Scholarly and scientific publishing finds itself between the Scylla and Charybdis of two opposing concepts — diversity and dogma.
On the one hand, there is the reasonable and overdue pursuit of employees, executives, and leaders ostensibly with varying backgrounds, life experiences, perspectives, and belief systems to make the professions involved in what we do more vibrant, resilient, and reality-based. On the other hand, there is the fact that in many circles, you can survive in scholarly publishing currently only if you overtly claim fealty to the concepts of OA and open science.
Diversity, meet dogma.
These two forces are not only in direct opposition conceptually, but are bound up in commercial defeatism due to consolidation and superficial traits as befits an age of appearance, performance, and recursive virtue signaling.
On the commercial front, OA and open science require scale to work, meaning that the diversity of the market has been sharply curtailed in the last decade, and now revolves around a handful of large publishers — and, by extension, a handful of brain trusts. Add to this the influence of a few funders and funding coalitions, and you can count the major forces on two hands. Rather than the dozens of voices once at the table around market innovation and quality standards, we have just a few.
Diversity has been defeated in the market because of the practical requirements of OA and open science.
On the individual front, diversity is often driven by how someone looks, and how they will appear within and across the various vanity systems we currently rely upon for communication.

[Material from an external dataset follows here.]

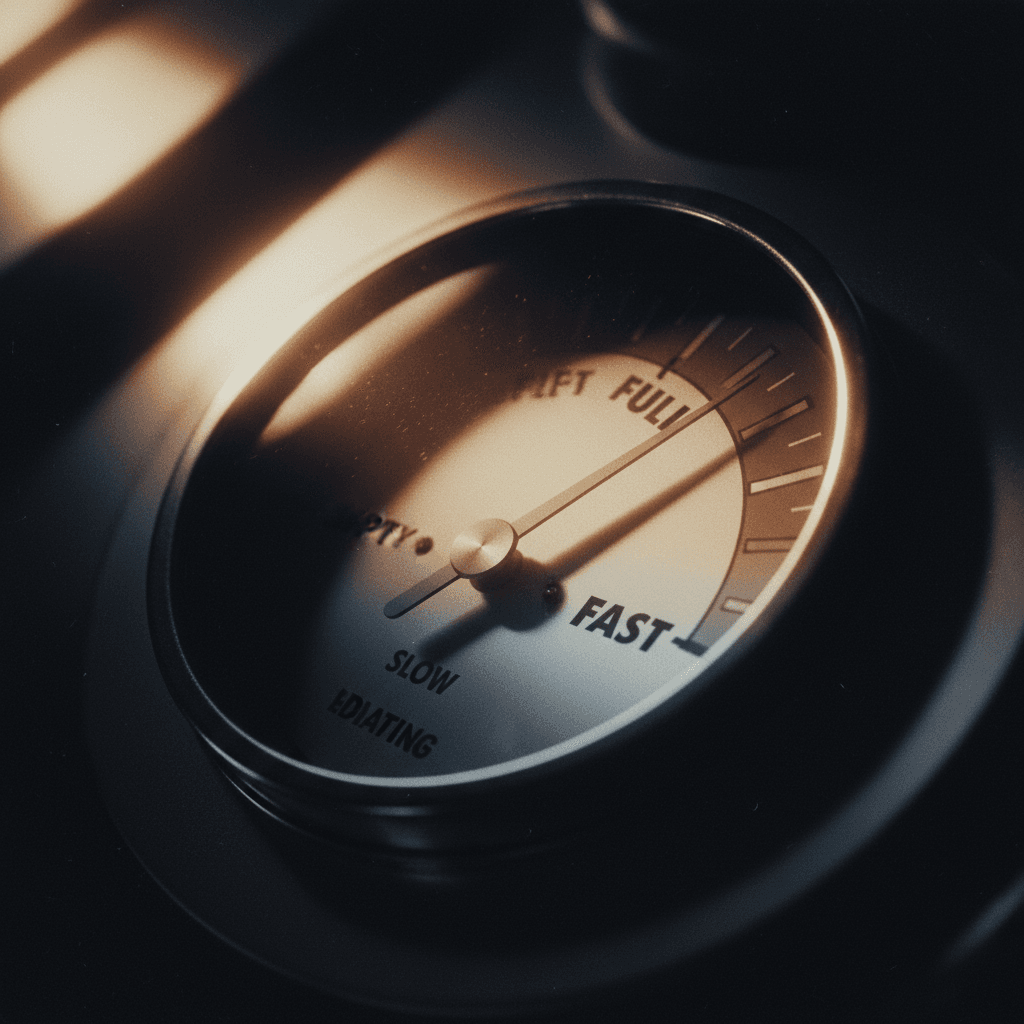 Performance meter showing optimized landing page loading speed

Yet, remove the visuals, and it’s clear that many who look different aren’t, as they come from similar regions, educational backgrounds, social strata, and societal norms. Meanwhile, others who look non-diverse come from regions not typically represented, educational backgrounds not normally seen, and social strata and norms that can cause discomfort. Yet, appearance is the priority that shapes diversity choices in the majority of cases.
For OA and open science signalers, I detect (and have been told) that many signal alignment with OA and open science simply to “go along to get along,” even while holding strong reservations about the increasingly obvious downsides, the lack of evidence of efficacy, and doubts about their career options as consolidation and commoditization trample a once-thriving ecosystem.
Given the need to present an “OA-abiding” face, many remain either silent, or provide token assent. Some even switch all the way over, realizing there is no need to hold onto prior value systems because the game has changed, and we’re playing by new rules they enjoy defending simply for the sport of it.
So, here we are — pursuing diversity in an industry and profession that is being forced to collapse commercially and conceptually around one central idea.
What good is personal diversity if the rest obviates the potential for new ideas, new approaches, and new perspectives? What potential for serving society, science, and scholarship with innovation can exist when the pathways to innovation all begin and end at one place?
Is our pursuit of diversity sincere? Or just window dressing to make us look like we’re open to change when really we’re not open to new ideas any more?